I've been on the search for the holy grail of button bands for quite a while. I like button bands to be sturdy in order to prevent button band "gaposis" in fitted cardigans. Here are some of the things I've tried:

  • Knitting a separate double knit band and sewing it on -- It can be almost too thick and it's a pain to sew it on, even though I don't mind sweater seams.
  • Sewing a ribbon backing on the underside -- It's way too much work and I don't like the look and the band does not stretch.
  • Using a linen stitch -- This is okay, but I don't love the stitch pattern on a button band.
  • Using a needle size of a much finer gauge -- This is my favorite method for worsted weight yarns because you can achieve a pretty dense fabric that way.
  • Using an attached I-cord and leaving gaps for the button holes -- I love this method, but it does not look good on all sweater styles. Sometimes you just need a ribbed band.
For this sweater, I tried a swatch with a very small needle size, but with the DK yarn, it's just not thick enough. So, I decided to try using the knit-one-below technique. I made the 2x2 ribbing with K1b and P1b stitches. The stitches are slightly wider and shorter, but you get a fabric that is squishy and is about 50% thicker. I'm pretty happy with this method. My front button bands don't have very much of that strained pulled look that I hate. I used the same technique for the neck band. I ended up do the neckband first and the front bands go the full length.

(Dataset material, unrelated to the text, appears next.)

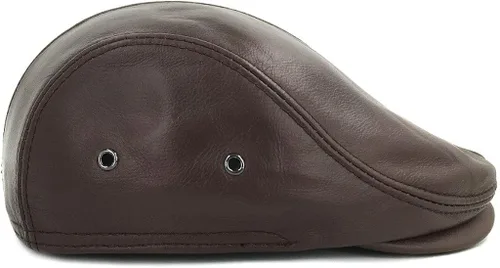 Vista 5 de LETHMIK Sombrero Plano de taxista en Piel Auténtica clásico Newsboy Cap Ivy de conducir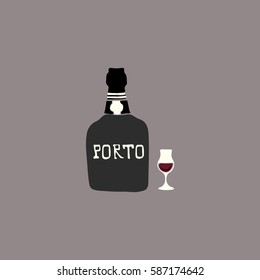 Port wine bottle flat vector. The Portuguese dessert wine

I buried my button holes in the purl stitches. I've also been on the quest for the perfect sturdy button holes. These are almost there. They look pretty good and are extremely sturdy. Here's a close-up of the button bands. You can see that the ribbing has more separation between the knit stitches and the purl stitches look slightly different. The thickness is not obvious from the photo though. Another thing I like about this band is that knit stitches at the bottom do not scrunch up and curl under like they do with the normal ribbing.

Thursday, November 8, 2012

Stretchy bind-off

For the last three of my finished sweaters, I talked about using my new favorite stretchy bind-off wherein I do the knit stitches as Kf&b, pass the first stitch over the second, then pass the last bound-off stitch over that one. I thought I would ramble on a bit more about this bind-off and show some photos of swatches.

I'm mainly a sweater knitter, and a lot of sweaters use the K2 P2 ribbing to finish necklines, armholes, sleeve openings, and front bands. I like the K2 P2 ribbing, but I was always trying to get the perfect tension while binding off. Usually I end up using a needle size that is 2 sizes larger but that's not always the best tension because it depends upon the actual needle sizes. Also, I don't really like the look of looser stitches on the bind-off.

I tried the popular Jenny's super stretchy bind-off, but I don't like the big bump caused by the yarnover, and I found it too stretchy for ribbed necklines and such, since they don't need to stretch as much as socks do. Here's a swatch of the bind-off for just knit stitches, and you can see the bumps at the top.

I knew that I needed to add more yarn to the bind-off row to give it stretchiness, so I decided to just try doing a Kf&b, because that almost doubles the yarn length. It does have a thicker look on that last bind-off row, but it's not that bad, and it stretches about the same as Jenny's bind-off if I do it on every stitch.

So then I decided to try it with every other stitch, and I found that the stretchiness is just about right. The stitches with the Kf&b don't look that different from the stitches with a K only. I used a cable cast-on for the swatch, and this stretches about the same as the cast-on.

So, for K2 P2, I do Kf&b for just the knit stitches when binding off, and I've found that it always gives me just the right amount of stretch. It does not look that different from a normal bind-off in ribbing.